Banner for Health Canada says gene-edited crops are safe

Gene-editing, whether it is for crops or livestock, has long been a global hot-button topic within the ag world and beyond.

Some fear the so-called “Frankenstein-ing” of the foods people consume as being an affront to the public well-being, with some likening it to the failed eugenics movement of racial improvement of the early 20th century and/or planned breeding.

To be fair, the concept of planned breeding has gone on in the world of humanity since wolves were domesticated to become the breed of dogs we invite into our home.

The same holds true for how we breed swine, cattle—both dairy and beef—poultry, you name it, and the animals we consume on a daily basis are certainly different from how they appeared on the average North American farm 150 years ago.

Farmers have certainly done the same to crops. If you’ve eaten a banana within the past 50 years, chances are you aren’t eating the same banana prevalent on grocery shelves back in the 1950s.

By 1965, the Gros Michel species of banana was the banana of choice, but was wiped out by a disease, with a different but similar strain of fungal disease taking out the global commercial banana plantations. We now nosh on the Cavendish banana, but because the same disease that wiped out the Gros Michael—Panama Disease—is currently wreaking havoc on plantations around the world with fears it will hit South America, it has caused scientists to begin work on developing a hybrid version of the Cavendish and a Madagascan banana that they hope will resist the fungus.

Right now, the Madagascan banana is being described as being inedible with large seeds in the middle—but it is immune to the fungus. A simple cross-breeding exercise with a Cavendish would get us, hopefully, a banana that tastes half as good as what we eat now—which is apparently not as tasty as what we ate back in the 1950s.

Yes! We have no bananas. We have no bananas today. – Groucho Marx, Eddie Cantor, Louis Prima, etc.

But that’s not good enough. Scientists are looking to marry the Cavendish flavour with the fungal resistance—less the large seeds—to create a crop that future generations can enjoy on their breakfast cereal or as a potassium addition for those wanting to avoid dehydration after a heavy workout.

Could we one day have an orange more orange than an orange? Sure. And like its banana cousins, it’ll taste like an orange, too.

Hopefully we are all aware that the grown food we consume today looks nothing the way it did before man got his hands on it for successful cultivation.

Consider, if you will, that the beautiful corn on the cob produced by a local farmer or watermelon you just bit into with its juicy sweetness running down your chin didn’t always look or taste the way it did in the past. The same holds true for wheat, aubergines, carrots, peaches, etc.

Canada’s modern ag industry owes a great deal to genetics. And the same holds true for the creation of modern pesticides, fungicides, et al.

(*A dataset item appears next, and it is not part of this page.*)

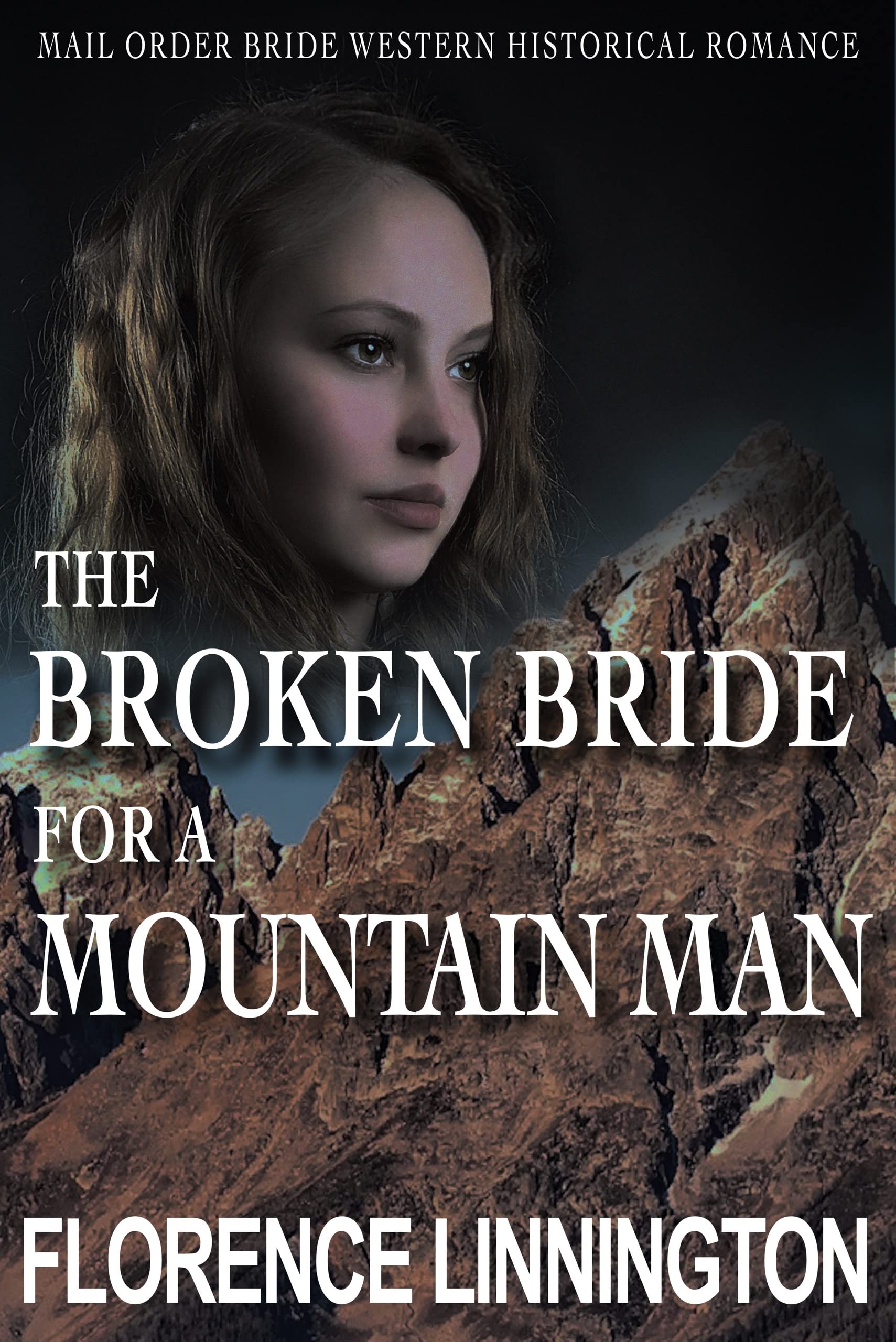 The Broken Bride For A Mountain Man (Mail Order Bride Western Historical Romance)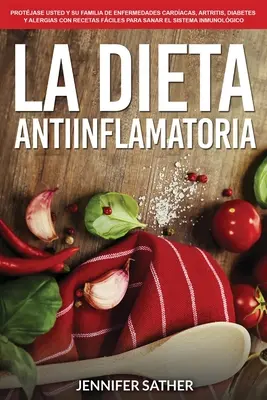 La dieta antinfiammatoria: Proteggi te e la tua famiglia dalle malattie cardiache, dall'artrite, dal diabete e dalle algie con ricette semplici per curare e - La Dieta Antiinflamatoria: Protjase usted y su familia de enfermedades cardacas, artritis, diabetes y alergias con recetas fciles para sanar e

First domesticated from the teosinte plant—a plant native to Mexico, Guatemala, Honduras, and Nicaragua—some 6,000 years ago, this nearly inedible plant would be the forefather of modern sweet corn. Our modern corn—depending on the harvest—can be 1,000 times larger, easier to peel and grow, and per the Encyclopedia Britannica, is made up of 6.6 percent sugar versus 1.9 percent in natural corn. These changes, it is surmised, occurred after the 15th century during the European invasion of the indigenous peoples of North America.

It may not have involved gene-editing, but it certainly involved genetics.

While genetically modified foods may garner a strong negative reaction from some, humans have been tweaking the genetics of our consumable foods for thousands of year—The Simpsons whimsical tomacco notwithstanding, when Homer Simpson mixed tobacco and tomato seeds in the ground and embedded plutonium rods to give them a healthy(?) green glow to grow overnight into an addictive and delicious hybrid crop.

Genetically-speaking, while tweaking genetics of foods is a slow process, genetic modification and gene editing are done, relatively-speaking, extremely quickly.

Genetic modification may involve splicing in genes from a bacteria to provide a resistance to pests, while gene editing is a scientist manipulating the DNA in a plant, for example, to provide it with better pest resistance.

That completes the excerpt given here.